En fait, l’audit du secteur, commandé il y a près de deux ans par le Gabon au cabinet Alex Stewart International et dont les résultats officiels seront communiqués prochainement, semble faire ses premières victimes. Le travail du cabinet a porté sur les pratiques des opérateurs dans plusieurs domaines, dont la fiscalité et la commercialisation du pétrole.

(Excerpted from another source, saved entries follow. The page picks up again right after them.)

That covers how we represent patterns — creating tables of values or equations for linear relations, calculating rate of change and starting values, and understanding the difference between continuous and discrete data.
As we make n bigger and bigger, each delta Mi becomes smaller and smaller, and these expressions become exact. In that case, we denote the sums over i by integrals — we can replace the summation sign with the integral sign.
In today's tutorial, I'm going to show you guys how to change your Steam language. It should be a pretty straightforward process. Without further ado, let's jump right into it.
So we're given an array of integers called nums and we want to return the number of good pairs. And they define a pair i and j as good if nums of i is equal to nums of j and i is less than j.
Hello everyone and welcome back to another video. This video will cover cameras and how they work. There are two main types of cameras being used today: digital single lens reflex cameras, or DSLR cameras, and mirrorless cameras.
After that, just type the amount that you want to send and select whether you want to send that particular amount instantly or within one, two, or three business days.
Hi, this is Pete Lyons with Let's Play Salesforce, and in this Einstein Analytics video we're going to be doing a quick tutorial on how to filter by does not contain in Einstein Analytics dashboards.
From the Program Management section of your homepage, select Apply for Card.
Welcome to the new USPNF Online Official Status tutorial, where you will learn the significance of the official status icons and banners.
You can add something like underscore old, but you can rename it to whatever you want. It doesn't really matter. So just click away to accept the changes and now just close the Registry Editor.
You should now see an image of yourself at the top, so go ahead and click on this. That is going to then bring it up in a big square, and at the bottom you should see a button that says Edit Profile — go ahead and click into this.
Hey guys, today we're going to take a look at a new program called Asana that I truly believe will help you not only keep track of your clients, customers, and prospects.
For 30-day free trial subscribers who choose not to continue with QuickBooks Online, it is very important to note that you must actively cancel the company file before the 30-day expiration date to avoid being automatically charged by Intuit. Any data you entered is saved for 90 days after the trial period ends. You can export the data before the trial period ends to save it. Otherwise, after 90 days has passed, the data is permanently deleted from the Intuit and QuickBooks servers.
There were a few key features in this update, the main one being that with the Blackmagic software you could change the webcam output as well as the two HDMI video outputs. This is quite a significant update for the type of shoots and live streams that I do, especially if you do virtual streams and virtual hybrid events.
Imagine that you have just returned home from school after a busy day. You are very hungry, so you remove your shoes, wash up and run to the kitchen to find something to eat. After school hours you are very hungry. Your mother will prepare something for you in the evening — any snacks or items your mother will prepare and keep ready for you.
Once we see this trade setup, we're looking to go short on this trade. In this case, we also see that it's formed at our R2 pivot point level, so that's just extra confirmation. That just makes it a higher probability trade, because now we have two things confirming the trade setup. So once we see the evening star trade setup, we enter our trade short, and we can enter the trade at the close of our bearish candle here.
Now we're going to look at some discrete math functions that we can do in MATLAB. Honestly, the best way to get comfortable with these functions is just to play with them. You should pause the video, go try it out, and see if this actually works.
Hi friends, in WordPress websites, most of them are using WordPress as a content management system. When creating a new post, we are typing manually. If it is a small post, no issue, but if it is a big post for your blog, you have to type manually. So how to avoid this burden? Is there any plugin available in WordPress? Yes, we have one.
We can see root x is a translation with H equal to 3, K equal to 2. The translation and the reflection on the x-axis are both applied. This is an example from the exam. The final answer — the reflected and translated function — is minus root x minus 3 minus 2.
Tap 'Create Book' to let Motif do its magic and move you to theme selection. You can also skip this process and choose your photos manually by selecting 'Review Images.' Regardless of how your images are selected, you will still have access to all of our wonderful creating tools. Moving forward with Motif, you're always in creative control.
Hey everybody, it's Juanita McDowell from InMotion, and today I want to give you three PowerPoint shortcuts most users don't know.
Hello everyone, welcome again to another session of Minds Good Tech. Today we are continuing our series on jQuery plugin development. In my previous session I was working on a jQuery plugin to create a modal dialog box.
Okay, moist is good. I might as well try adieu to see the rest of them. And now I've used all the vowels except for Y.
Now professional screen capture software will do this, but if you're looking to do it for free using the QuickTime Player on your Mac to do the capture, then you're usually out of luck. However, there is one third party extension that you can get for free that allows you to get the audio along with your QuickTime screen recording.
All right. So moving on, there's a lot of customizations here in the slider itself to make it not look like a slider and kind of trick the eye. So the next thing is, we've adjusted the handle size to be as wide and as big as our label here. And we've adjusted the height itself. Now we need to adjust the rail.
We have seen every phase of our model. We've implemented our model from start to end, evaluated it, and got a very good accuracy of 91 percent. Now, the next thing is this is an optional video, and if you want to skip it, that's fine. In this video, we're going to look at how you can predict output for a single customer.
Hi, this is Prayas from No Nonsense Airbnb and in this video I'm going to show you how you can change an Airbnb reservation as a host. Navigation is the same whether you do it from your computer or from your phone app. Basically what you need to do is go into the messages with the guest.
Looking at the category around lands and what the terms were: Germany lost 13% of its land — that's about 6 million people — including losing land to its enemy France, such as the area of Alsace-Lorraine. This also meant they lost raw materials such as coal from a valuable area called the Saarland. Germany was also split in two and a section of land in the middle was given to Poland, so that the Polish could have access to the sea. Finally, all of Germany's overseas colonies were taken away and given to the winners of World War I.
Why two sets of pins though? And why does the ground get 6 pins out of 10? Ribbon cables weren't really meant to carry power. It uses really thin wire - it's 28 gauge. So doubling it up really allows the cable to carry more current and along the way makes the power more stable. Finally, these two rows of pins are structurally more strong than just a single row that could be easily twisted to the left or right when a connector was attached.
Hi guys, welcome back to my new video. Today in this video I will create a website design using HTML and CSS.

Et nombreuses sont les compagnies qui redoutent un redressement sur plusieurs années ainsi qu’un durcissement des conditions d’investissement à travers le nouveau code minier, en cours de finition. « Nous avons le sentiment que le gouvernement veut changer unilatéralement les règles du jeu », confie un cadre du secteur, qui soupçonne les autorités de vouloir favoriser à travers ces réquisitions l’émergence de la société pétrolière nationale, la Gabon Oil Company (GOC), créée en 2010.
Tensions
De fait, le champ d’Obangué est désormais exploité par la GOC. Et les salariés de la filiale de Sinopec sont sur le point d’être embauchés par la compagnie publique. Explication d’Étienne Ngoubou : « Addax Petroleum ayant refusé de remplir ses obligations, nous avons décidé de prendre en charge les salaires et d’utiliser la GOC, compétente en matière d’exploitation pétrolière, pour que les employés puissent continuer d’opérer sur le champ d’Obangué », a en substance déclaré le ministre dans la presse locale.
Mais d’après un responsable de la direction des hydrocarbures, il n’est pas question de favoriser la GOC. « Bien que publique, la compagnie nationale fonctionne comme une société privée et est soumise aux mêmes règles que tous les autres acteurs du secteur », indique-t-il. Ces tensions, assure le fonctionnaire, marquent simplement la fin d’une relation de complaisance, le gouvernement ayant longtemps fermé les yeux sur les violations de contrat et sur certaines pratiques douteuses.
Cap désicif
La lune de miel entre le Gabon et les pétroliers arriverait-elle à son terme ? Une chose est certaine : l’ancien petit « émirat » d’Afrique centrale, dont la production est en baisse depuis quelques années (245 000 b/j en 2012), franchit un cap décisif dans sa reprise en main de l’exploitation des ressources naturelles. Le gouvernement s’est fixé l’objectif de porter à 40 % la part des revenus pétroliers restant sur le territoire national, contre 20 % actuellement.
« Certes, il s’agit là d’une démarche louable. Mais la méthode reste discutable, car ces conflits avec les groupes étrangers, largement relayés dans la presse internationale, constituent une mauvaise publicité pour le pays », estime notre consultant gabonais. D’autant que Libreville s’apprête à vendre des licences d’exploration sur plus de 110 000 km² dans son bassin situé en mer profonde et très profonde. Les résultats du forage réalisé par Total Gabon devront confirmer le potentiel d’un sous-sol maritime particulièrement prometteur, puisque les formations géologiques y sont similaires à celles du Brésil, où l’une des plus grandes découvertes au monde a été réalisée en 2007.